Baryons, their interactions and the chiral symmetry of QCD

Abstract

An implication of the spontaneous chiral symmetry breaking in QCD is that at low energy and resolution there appear quasiparticles — constituent quarks and Goldstone bosons. Thus, light and strange baryons should be considered as systems of three constitutent quarks with confining interaction and a chiral interaction that is mediated by Goldstone bosons between the constituent quarks. We show how the flavor-spin structure and sign of the short-range part of the Goldstone boson exchange interaction reduces the SU(6) FS symmetry down to SU(3) F × SU(2) S , induces hyperfine splittings and provides correct ordering of the lowest states with positive and negative parity. We present a unified description of light and strange baryon spectra calculated in a semirelativistic framework.
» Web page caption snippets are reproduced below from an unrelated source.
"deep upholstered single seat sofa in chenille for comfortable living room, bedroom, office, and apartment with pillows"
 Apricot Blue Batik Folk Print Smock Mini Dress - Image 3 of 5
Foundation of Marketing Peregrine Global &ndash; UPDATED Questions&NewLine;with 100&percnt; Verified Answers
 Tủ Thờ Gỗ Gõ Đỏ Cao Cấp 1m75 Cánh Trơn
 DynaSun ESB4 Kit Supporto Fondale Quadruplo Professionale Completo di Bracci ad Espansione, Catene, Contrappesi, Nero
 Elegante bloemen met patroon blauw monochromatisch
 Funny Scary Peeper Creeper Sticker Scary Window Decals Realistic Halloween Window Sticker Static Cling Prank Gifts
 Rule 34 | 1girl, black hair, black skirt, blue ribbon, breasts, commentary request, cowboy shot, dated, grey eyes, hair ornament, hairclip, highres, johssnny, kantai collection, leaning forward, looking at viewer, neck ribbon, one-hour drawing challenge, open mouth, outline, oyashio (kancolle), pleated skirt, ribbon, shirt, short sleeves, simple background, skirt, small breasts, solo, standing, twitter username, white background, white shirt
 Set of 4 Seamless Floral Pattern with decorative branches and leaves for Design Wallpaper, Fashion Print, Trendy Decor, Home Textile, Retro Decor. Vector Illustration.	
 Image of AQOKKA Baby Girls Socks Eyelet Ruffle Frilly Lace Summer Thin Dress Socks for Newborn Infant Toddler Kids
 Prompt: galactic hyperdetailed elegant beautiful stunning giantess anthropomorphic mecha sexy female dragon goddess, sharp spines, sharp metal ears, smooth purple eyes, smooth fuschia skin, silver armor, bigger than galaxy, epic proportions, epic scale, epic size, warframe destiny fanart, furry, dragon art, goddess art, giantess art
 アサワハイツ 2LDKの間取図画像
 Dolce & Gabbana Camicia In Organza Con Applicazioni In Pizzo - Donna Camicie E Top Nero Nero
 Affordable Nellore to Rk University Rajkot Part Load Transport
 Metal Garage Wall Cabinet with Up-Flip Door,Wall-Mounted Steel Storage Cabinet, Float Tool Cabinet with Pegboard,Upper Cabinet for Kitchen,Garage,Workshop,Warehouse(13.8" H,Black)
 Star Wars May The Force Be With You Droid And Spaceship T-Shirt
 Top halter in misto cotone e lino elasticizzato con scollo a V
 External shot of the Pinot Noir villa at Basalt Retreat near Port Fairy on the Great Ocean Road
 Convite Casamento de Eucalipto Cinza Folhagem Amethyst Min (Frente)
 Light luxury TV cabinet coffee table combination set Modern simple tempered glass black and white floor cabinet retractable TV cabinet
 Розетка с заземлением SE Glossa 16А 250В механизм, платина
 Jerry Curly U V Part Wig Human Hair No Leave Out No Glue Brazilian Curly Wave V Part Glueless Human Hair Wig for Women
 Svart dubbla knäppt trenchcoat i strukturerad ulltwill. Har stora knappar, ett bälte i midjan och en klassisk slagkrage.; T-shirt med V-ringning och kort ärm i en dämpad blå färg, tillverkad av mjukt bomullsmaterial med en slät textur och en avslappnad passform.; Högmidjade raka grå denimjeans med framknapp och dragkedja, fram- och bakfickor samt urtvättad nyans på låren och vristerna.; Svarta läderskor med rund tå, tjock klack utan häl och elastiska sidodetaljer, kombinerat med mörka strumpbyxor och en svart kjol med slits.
It is demonstrated that the same short-range part of Goldstone boson exchange also induces strong short-range repulsion in N N system when the latter is treated as 6 Q system. Thus, all main ingredients of N N interaction are implied by the chiral constituent quark model since the long- and intermediate-range attraction appears in the present framework due to pion and correlated two-pion exchanges between quarks belonging to different nucleons. We also find a very strong short-range repulsion in ΛΛ system with J P = 0 +. It then suggests that the compact H-particle should not exist.